O pomyśle partii Petru pisaliśmy ponad miesiąc temu w artykule „Nowoczesna chce wietrzyć Sejm”. Posłanka Katarzyna Lubnauer przekonywała wtedy, że ograniczenie kadencji sprawi, że prezydenci i burmistrzowie będą podejmować mniej populistyczne decyzje, bo nie będą musieli przypodobać się wyborcom. - Są wyjątki, ale często kolejne kadencje są znacznie słabsze.
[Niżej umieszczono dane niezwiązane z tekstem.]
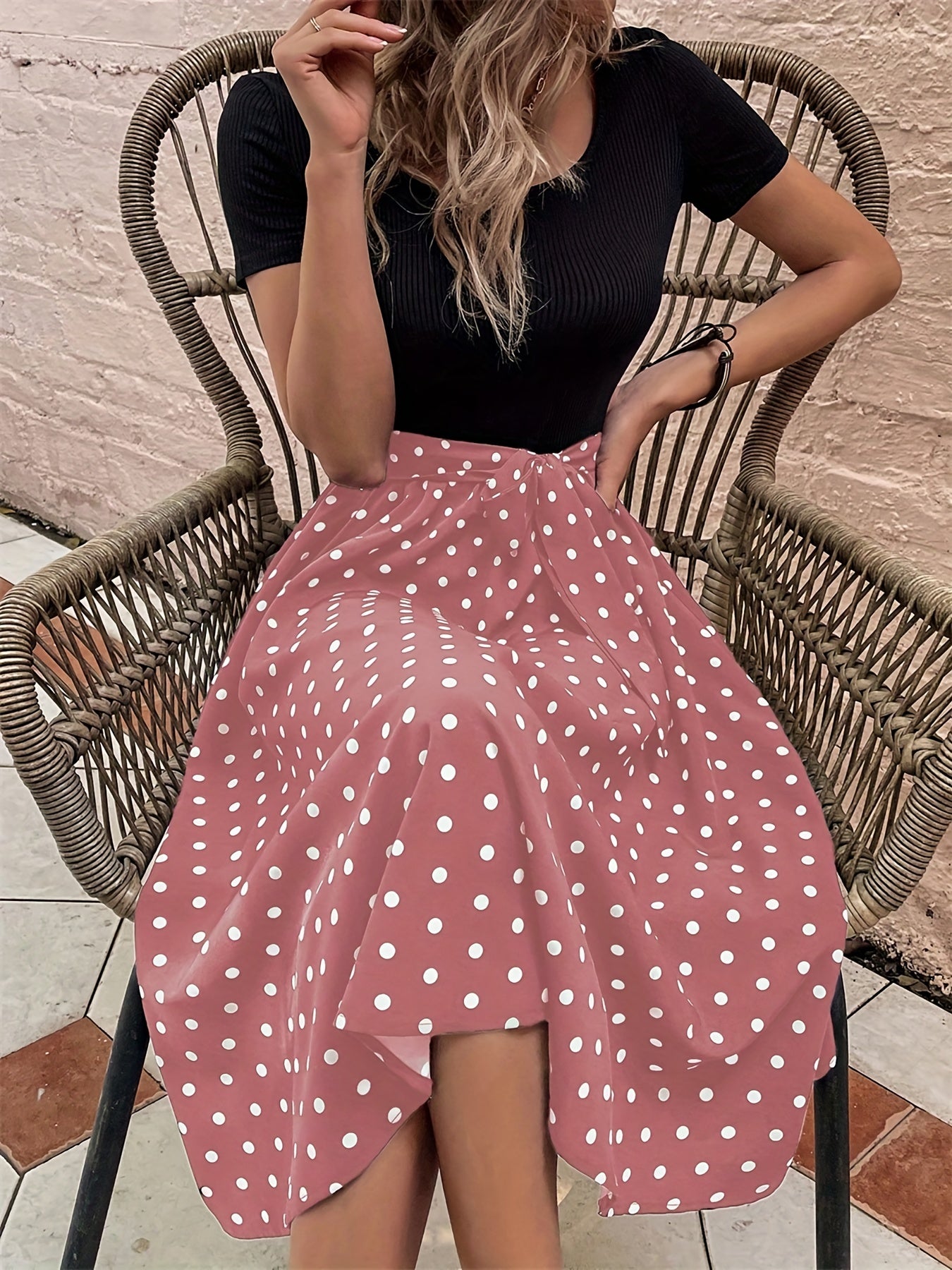 Polka Dot Print Splicing Dress, Casual Crew Neck Short Sleeve Dress, Women's Clothing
Nie powstawałyby też układy wzajemnej zależności – mówiła wiceszefowa partii.
Nie popiera tego pomysłu członek zarządu partii, który od 2002 r. jest prezydentem Nowej Soli. - Jestem przeciw – ripostuje w rozmowie z „Rzeczpospolitą” Wadim Tyszkiewicz.
Jak mówi, jego poparcie wśród mieszkańców po 14 latach nadal utrzymuje się na poziomie 87 proc. Za sprawą jego decyzji miasto się rozwinęło i ma dalsze plany rozwoju. - Dziś PiS rządzi dzięki populistycznym ruchom. Nie chciałbym, żeby moja partia szła w tym kierunku – mówi Tyszkiewicz. - Kadencyjność to łamanie kręgosłupa demokracji, bo dlaczego odbierać ludziom prawo wyboru tego, czego chcą? – pyta nasz rozmówca.
W Nowoczesnej usłyszeliśmy, że wprowadzenie takiego ograniczenia podniesie jakość pracy samorządów. Według prezydenta Nowej Soli, dojdzie do obniżenia poziomu, bo potencjalny kandydat, dobry specjalista w jakiejś dziedzinie, nie będzie chciał opuszczać swojej branży. Po dziesięciu latach przerwy (dwie kadencje) może już nie być dobrym ekspertem, bo wypadnie z obiegu. - Mówimy, że chcemy wybrać najlepszych z najlepszych. Ale ci nie pójdą kandydować w wyborach, wywracając swoje dotychczasowe życie do góry nogami – mówi nam Tyszkiewicz.